The bg gene sequences of the 24 human isolates revealed three assemblages: A (n = 9), B (n = 14), and D (n = 1). For assemblage A, subtypes A2 (MK982541, n = 4) and A3 (MK982540, n = 5) were identified, and these displayed 100% similarity with sequences obtained from human isolates in Egypt (MG736240) and Kenya (LC436576). For assemblage B, six different subtype sequences (n = 14) were identified, including three known (n = 11) and three novel sequences (n = 3). The three known sequence types, MK982542 (n = 9), MK982543 (n = 1), and MK982544 (n = 1), were identical to assemblage B isolates from humans in Ethiopia (KT948084), Brazil (KU504707), and Kenya (LC436567), respectively. The remaining three sequences from assemblage B (MK982545 (n = 1), MK982546 (n = 1), and MK982547 (n = 1)) represented novel isolates, which had five to seven nucleotide polymorphism substitutions compared to the reference subtype B3 (AY072726) (Supplementary Table 1). One isolate sequence was identified as assemblage D, which showed a 100% homology with a sequence previously reported from dogs in Italy (AY545647) and China (KY979500).

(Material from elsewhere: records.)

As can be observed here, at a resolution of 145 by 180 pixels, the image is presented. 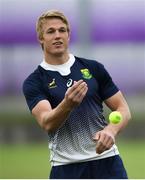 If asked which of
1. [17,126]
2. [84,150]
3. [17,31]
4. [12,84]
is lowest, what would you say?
[17,126]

Among the 35 human isolates successfully amplified and sequenced from the gdh gene, assemblages A (n = 11), B (n = 17), and E (n = 7) were identified (Table 2). One sequence (MK982469, n = 11) was identified as assemblage A (subtype A2) which showed 100% similarity with an assemblage documented from children in China (MK962825) and humans in Iran (MH311029). There were 13 sequences from assemblage B identified from 17 isolates, including four known and nine novel sequences. The four known sequences, MK982470 (n = 3), MK982471 (n = 1), MK982472 (n = 2), and MK982473 (n = 1), were identical to those isolated from humans in Australia (EF685684), Ethiopia (KT948094), Egypt (MG746611), and Ethiopia (KT948095), respectively. Analysis of the nine novel sequences revealed that these isolates differed from the reference subtype B4 (EF507654) by four to 10 single nucleotide polymorphisms (Supplementary Table 2). The remaining seven isolates were identified as assemblage E, four of which (MK982483) belonged to a known subtype E3 (KY769099), and three belonged to a novel subtype. The novel sequence (MK982484) displayed 99.8% similarity to an isolate from Tan Sheep (MK645797) in China, with one nucleotide substitution at position 499 (G to A).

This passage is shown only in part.